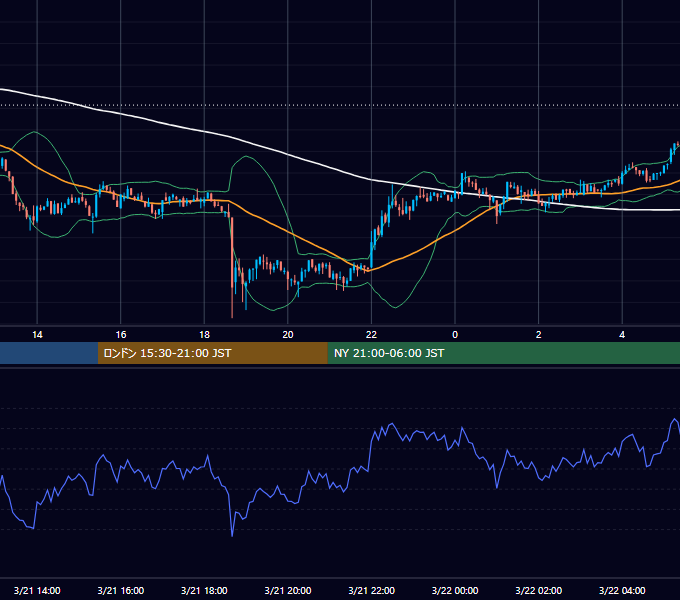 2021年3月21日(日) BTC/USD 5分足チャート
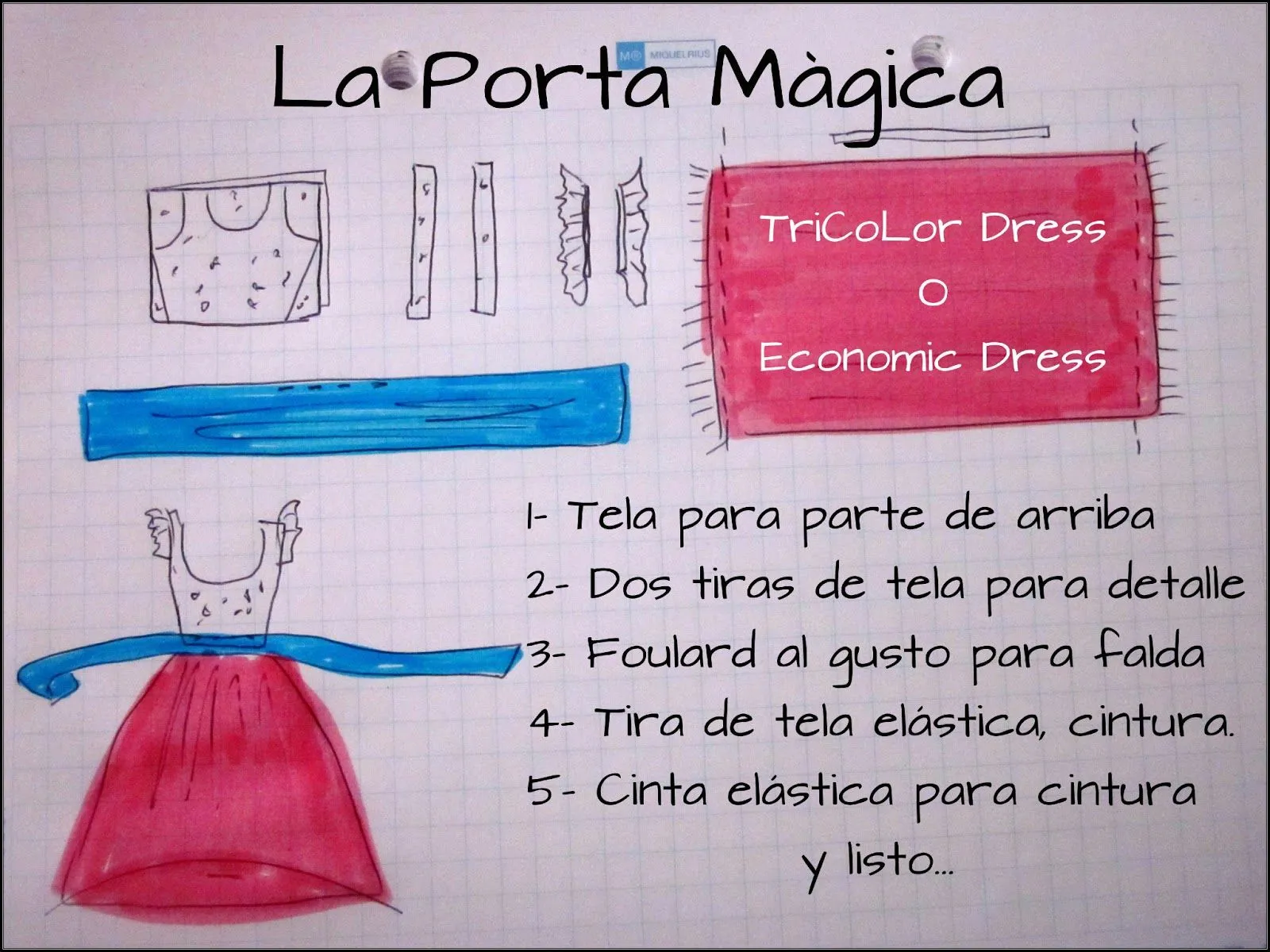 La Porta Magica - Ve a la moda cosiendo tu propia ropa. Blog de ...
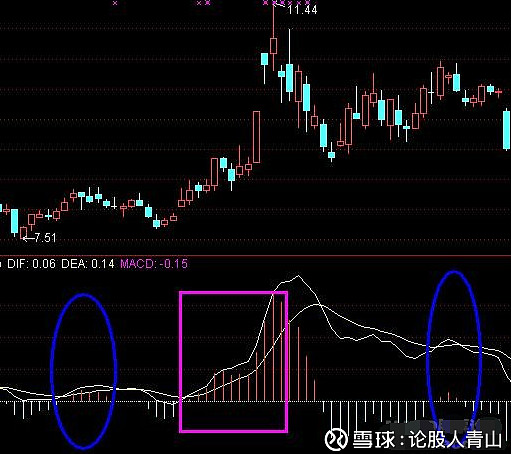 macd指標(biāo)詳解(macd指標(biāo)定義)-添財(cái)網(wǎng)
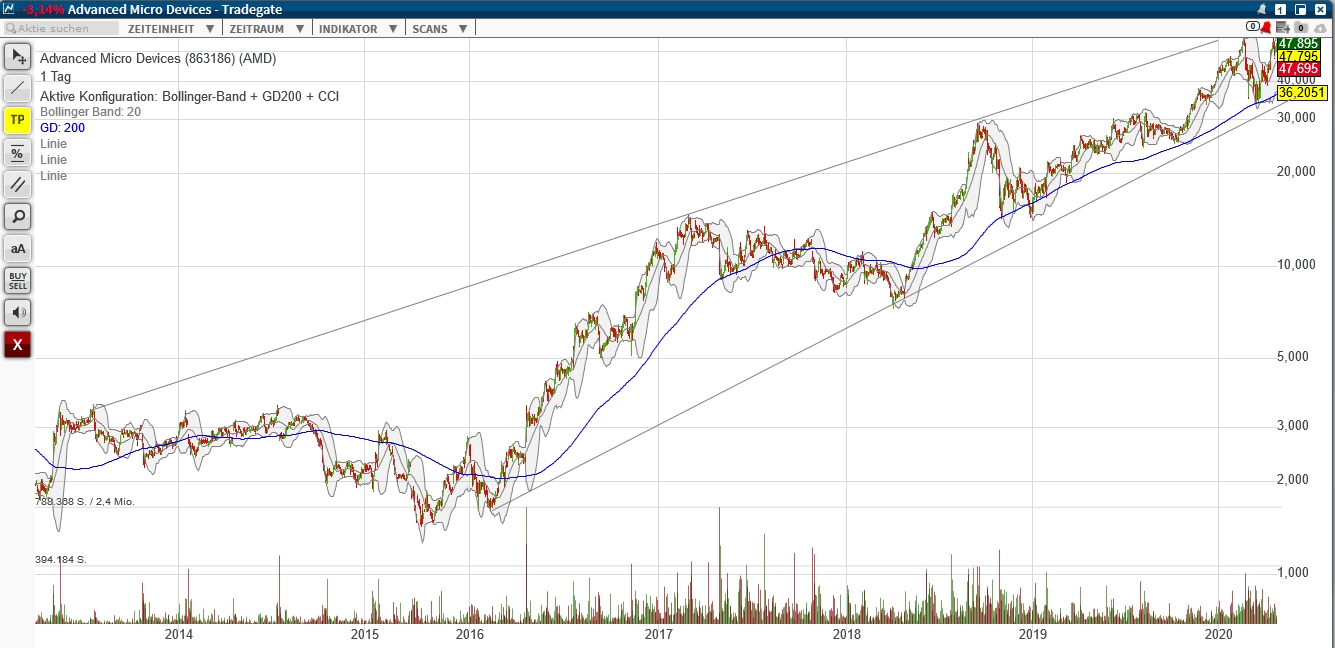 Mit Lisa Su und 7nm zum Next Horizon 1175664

* * * *

§ **Problem to work on**:
Transcribe the listing word for word, but keep its pictures out of the copy.

§ **Response box**:
 2021年3月21日(日) BTC/USD 5分足チャート
 La Porta Magica - Ve a la moda cosiendo tu propia ropa. Blog de ...
 macd指標(biāo)詳解(macd指標(biāo)定義)-添財(cái)網(wǎng)
 Mit Lisa Su und 7nm zum Next Horizon 1175664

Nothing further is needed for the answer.